Made from licorice root, a low-growing shrub mostly grown for commercial use in Greece, Turkey and Asia, black licorice gets its sweetness from glycyrrhizin, a compound from the root of the plant. Glycyrrhizin can cause potassium levels in the body to fall, the FDA says, causing some people to have abnormal heart rhythms, high blood pressure, edema (swelling), lethargy or even congestive heart failure.
While many “licorice” or “licorice flavor” candies made in the U.S. contain anise oil, which tastes and smells the same as licorice, FDA’s Linda Katz, M.D., says last year the agency received a report of a black licorice aficionado who had a problem after eating the candy. And several medical journals have linked black licorice to health problems in people over 40, some of whom had a history of heart disease and/or high blood pressure, said the FDA consumer update.
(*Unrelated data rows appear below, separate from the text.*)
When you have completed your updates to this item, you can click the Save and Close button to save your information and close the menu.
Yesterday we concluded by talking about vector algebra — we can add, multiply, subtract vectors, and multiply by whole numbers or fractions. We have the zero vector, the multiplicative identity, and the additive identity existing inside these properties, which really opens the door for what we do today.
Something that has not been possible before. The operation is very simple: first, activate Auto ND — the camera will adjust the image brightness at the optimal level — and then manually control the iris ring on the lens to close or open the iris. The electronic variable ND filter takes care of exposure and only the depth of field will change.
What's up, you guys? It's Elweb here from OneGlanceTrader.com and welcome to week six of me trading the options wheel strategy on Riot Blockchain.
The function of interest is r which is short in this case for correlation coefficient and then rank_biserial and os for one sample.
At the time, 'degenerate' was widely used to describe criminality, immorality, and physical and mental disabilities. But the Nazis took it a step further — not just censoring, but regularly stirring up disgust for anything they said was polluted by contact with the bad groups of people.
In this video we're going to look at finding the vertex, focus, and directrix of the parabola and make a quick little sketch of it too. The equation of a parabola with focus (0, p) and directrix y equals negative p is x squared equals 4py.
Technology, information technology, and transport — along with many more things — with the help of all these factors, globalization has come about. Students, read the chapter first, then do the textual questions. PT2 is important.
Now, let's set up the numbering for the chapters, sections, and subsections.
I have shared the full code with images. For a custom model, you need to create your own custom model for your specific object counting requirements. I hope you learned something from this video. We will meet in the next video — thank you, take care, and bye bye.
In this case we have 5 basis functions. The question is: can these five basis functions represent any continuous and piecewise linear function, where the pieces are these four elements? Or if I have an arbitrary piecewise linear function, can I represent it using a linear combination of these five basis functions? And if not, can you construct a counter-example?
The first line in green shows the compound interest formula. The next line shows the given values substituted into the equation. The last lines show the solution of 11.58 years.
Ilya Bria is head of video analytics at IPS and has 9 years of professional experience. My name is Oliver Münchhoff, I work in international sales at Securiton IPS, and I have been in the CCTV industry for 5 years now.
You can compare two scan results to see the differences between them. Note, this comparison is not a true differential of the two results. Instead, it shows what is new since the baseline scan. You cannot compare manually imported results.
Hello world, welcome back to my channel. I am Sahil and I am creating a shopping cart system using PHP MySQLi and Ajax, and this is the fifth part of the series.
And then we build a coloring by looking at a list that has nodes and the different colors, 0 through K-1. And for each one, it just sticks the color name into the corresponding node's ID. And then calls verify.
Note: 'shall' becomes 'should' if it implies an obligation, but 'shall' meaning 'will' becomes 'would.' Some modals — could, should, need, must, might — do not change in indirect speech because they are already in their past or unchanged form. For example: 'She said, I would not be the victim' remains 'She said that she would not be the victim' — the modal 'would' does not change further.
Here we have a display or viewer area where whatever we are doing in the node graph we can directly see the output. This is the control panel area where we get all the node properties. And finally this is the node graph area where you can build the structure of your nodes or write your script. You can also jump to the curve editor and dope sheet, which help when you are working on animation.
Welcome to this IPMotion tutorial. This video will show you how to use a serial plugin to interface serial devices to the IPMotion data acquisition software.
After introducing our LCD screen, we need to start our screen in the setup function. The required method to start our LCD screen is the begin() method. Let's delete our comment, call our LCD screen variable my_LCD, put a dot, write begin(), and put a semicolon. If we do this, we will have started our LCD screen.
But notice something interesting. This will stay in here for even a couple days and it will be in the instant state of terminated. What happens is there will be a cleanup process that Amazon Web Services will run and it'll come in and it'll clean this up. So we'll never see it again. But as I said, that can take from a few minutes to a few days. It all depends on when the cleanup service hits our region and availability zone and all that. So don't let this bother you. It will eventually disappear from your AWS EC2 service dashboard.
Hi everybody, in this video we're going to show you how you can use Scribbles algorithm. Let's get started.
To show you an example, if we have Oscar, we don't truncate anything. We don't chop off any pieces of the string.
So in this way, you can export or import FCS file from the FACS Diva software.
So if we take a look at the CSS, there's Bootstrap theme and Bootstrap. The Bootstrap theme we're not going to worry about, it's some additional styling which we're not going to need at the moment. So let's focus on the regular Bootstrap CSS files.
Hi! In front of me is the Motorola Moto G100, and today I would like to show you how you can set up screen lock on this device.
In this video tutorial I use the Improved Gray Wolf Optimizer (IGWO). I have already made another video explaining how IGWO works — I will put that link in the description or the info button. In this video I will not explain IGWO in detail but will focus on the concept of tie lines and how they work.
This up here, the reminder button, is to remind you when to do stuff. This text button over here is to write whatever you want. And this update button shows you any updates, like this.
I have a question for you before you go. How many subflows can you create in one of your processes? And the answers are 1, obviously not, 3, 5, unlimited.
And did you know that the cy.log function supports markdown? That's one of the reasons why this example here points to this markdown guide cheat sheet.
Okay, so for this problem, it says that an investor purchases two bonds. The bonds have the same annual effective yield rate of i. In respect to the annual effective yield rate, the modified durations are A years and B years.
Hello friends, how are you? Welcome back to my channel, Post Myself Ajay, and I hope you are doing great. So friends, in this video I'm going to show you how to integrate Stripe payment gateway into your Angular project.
A person’s potassium levels usually return to normal without any permanent health side effects after you stop eating black licorice, Dr. Katz said.
The licorice plant has long been used as folk or traditional therapy in Eastern and Western medicine, according to the National Institutes of Health (NIH). Some of the conditions licorice has been used to treat include heartburn, stomach ulcers, bronchitis, sore throat, cough and some infections caused by viruses, such as hepatitis. However, NIH says there is insufficient data available to determine if licorice is effective in treating any medical condition, the FDA update stated.
FDA offers this advice to those who like to eat black licorice:
- No matter what your age, don’t eat large amounts of black licorice at one time.
- If you have been eating a lot of black licorice and have an irregular heart rhythm or muscle weakness, stop eating it immediately and contact your doctor.
- Black licorice can interact with some medications, herbs and dietary supplements. Speak with a healthcare professional if you have questions about possible interactions with a drug or supplement you take.